Alexandre Tharaud : Piano intime, conversations avec Nicolas Southon. Editions Philippe Rey, 192 p., 17€. Autograph, nouveau CD chez Erato/Warner - Alexandre Tharaud, le temps dérobé, documentaire de R. Aellig Régnier, en salles le 30 octobre. Alexandre Tharaud, domaine privé, Cité dela Musique (Paris), du 15 au 22 novembre

En même temps que "Natalie Dessay/Michel Legrand - entre elle et lui" (Erato), parution d’"Anne-Sofie von Otter : Douce France" (Naïve). Deux façons d’échapper au chant classique sans renier ses origines. Pour chanter variétés, supprimez le vibrato, explique Dessay (voir ici).

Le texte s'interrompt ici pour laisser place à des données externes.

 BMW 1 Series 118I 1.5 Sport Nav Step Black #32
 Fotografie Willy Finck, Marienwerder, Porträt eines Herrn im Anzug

Difficile en effet de d’imaginer le contre fa de la colorature dans la voix parlée-chantée qui détaille la Recette pour un cake d’amour (Peau d’Ane) et la Chanson de Delphine à Lancien (Les Demoiselles de Rochefort). Von Otter, mezzo suédoise à l’aise dans la langue de Verlaine et Ferré, descend de moins haut, et enchaîne mélodies (de Reynaldo Hahn à Ravel) et chansons (Lemarque, Kosma, Trénet, Moustaki) sans solution de continuité : tout juste remet-elle le vibrato dans Parlez-moi d’amour. Un cross over plus difficile à manier en français qu’en anglais, où Eileen Farrell jadis, Kiri Te Kanawa naguère et Renée Fleming récemment ont donné l’exemple : Dessay a curieusement l’air d’une débutante en duo avec Legrand (Les Moulins de mon cœur) et Von Otter vit une timide Vie en rose en regard de Piaf et Marlène. On rêve au contraire d’entendre chanter Fauré comme l’ont fait Barbara (Au Cimetière) ou Montand (Les Berceaux), ne serait-ce que pour débarrasser la mélodie française de son tenace parfum de vieux rideaux. Mais ce n’est probablement pas à des cantatrices qu’il faut demander cela.

François Lafon

Natalie Dessay/Michel Legrand - entre elle et lui : 1 CD Erato/Warner – Anne-Sophie von Otter : Douce France, 2 CD Naïve.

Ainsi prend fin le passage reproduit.